The town is incredibly calm and quiet, as calm as the weather gets before a storm. We walk up the street as the sun rises, passing by parks where the first birds are waking up.
The town, bathed in a semi gloom, looks like a town taken from the past. Sun rays are slowly unveiling the colours of the colonial houses as we make our way downtown, our steps echo in the empty streets. Without noticing, we are slowing down the pace, wondering what the town looks like when it’s awake.
Now sipping a freshly-made orange juice in a cafe, I observe life in town. People rest in parks; church bells ring to announce the end of the morning mass. I could easily imagine, from the sunny terrace, the ballet of dresses sweeping the paved streets, the giggles of young women being courted. A group of older men walking across the park to the gentlemen’s club, leaving puffs of cigar smoke behind them.
Suddenly, a trumpet scares the ghosts away and I am back from my daydream, back to the sunny terrace.
But the colonial times aren’t over, even in 2011. The trumpet is the call of the guard, who is forming straight lines of horses in an orchestrated march.
We didn’t really know what we were watching, but we stayed there for the whole hour it lasted, silencing when the trumpets did, commenting when the horses started their march again. It probably was just a simple change of guard, but on that morning, so early in a colonial town, we felt like we were somewhere in back time.
As dawn gave way to the morning sun, Salta became the capital city of the province. People hurried down the streets, entering shops, getting out with full bags. The whole city was awake; the streets were busy with people and cars, the parks crowded with happy children.
Like in any other city, we tried restaurants, sat on terraces, visited churches and hiked the pilgrim’s hill. Like in any other place, we talked to people, mostly visitors, wandered in the streets and took photos. Salta the capital became that: just another city.

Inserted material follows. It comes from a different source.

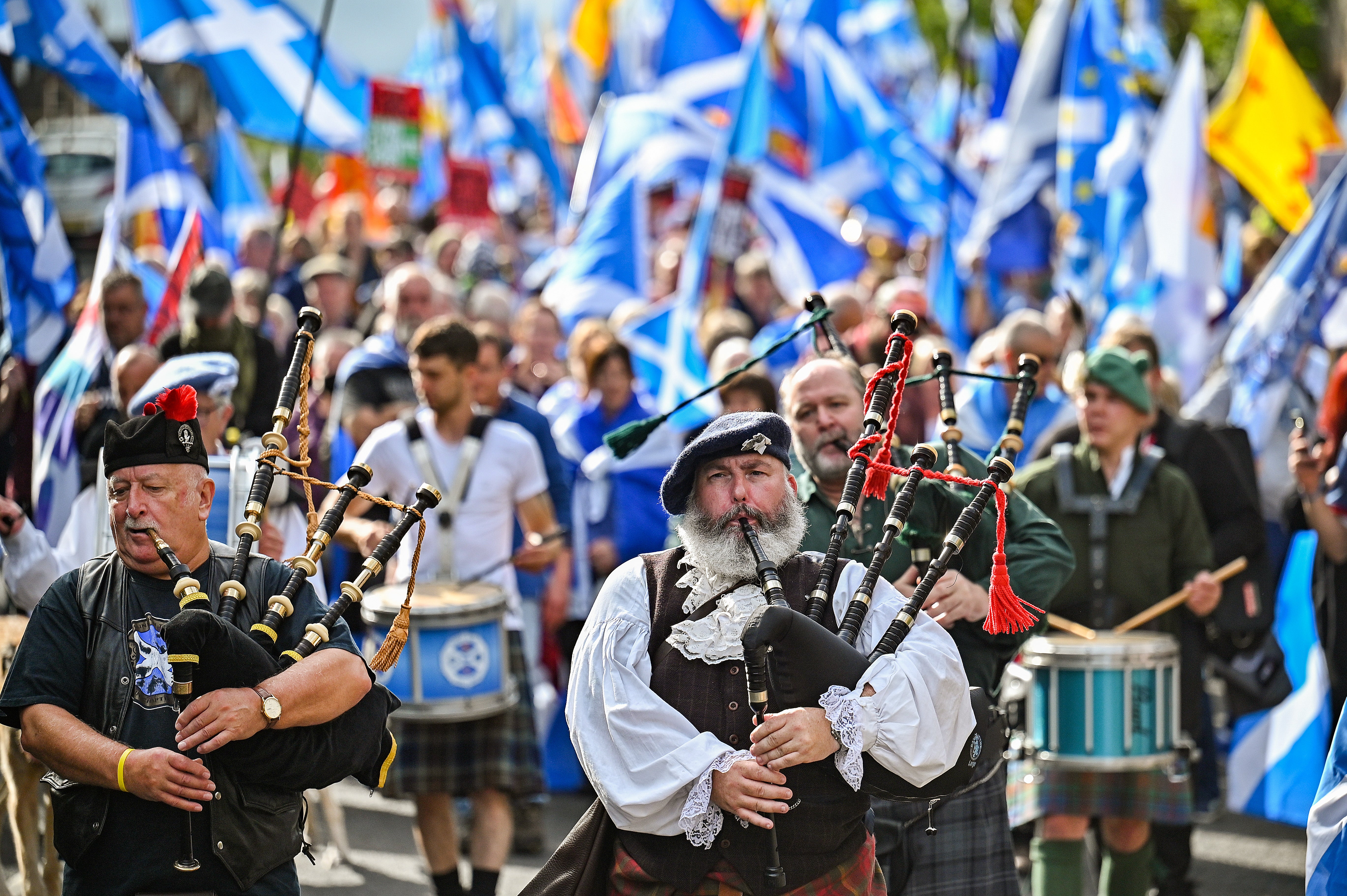 Supporters of Scottish independence hold a march outside the Scottish parliament in Edinburgh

But when the sun rises or sets, during the short moments they last, that’s when you know why you came to Salta. Not for the restaurants, nor the monuments, not for the hill. You are there to get that indescribable feeling of being in a movie, of being somewhere back in time. You went to Salta to wander down the peaceful streets. Or to look at the houses and the buildings under the first or the last rays of the Sun, thinking of the history Salta has. Thinking that you are in the North of Argentina, where you probably never thought you would be. It’s just a small dot on a world map, you’re just a person in your time, standing where other persons have stood a long time ago, dressed differently, in Salta.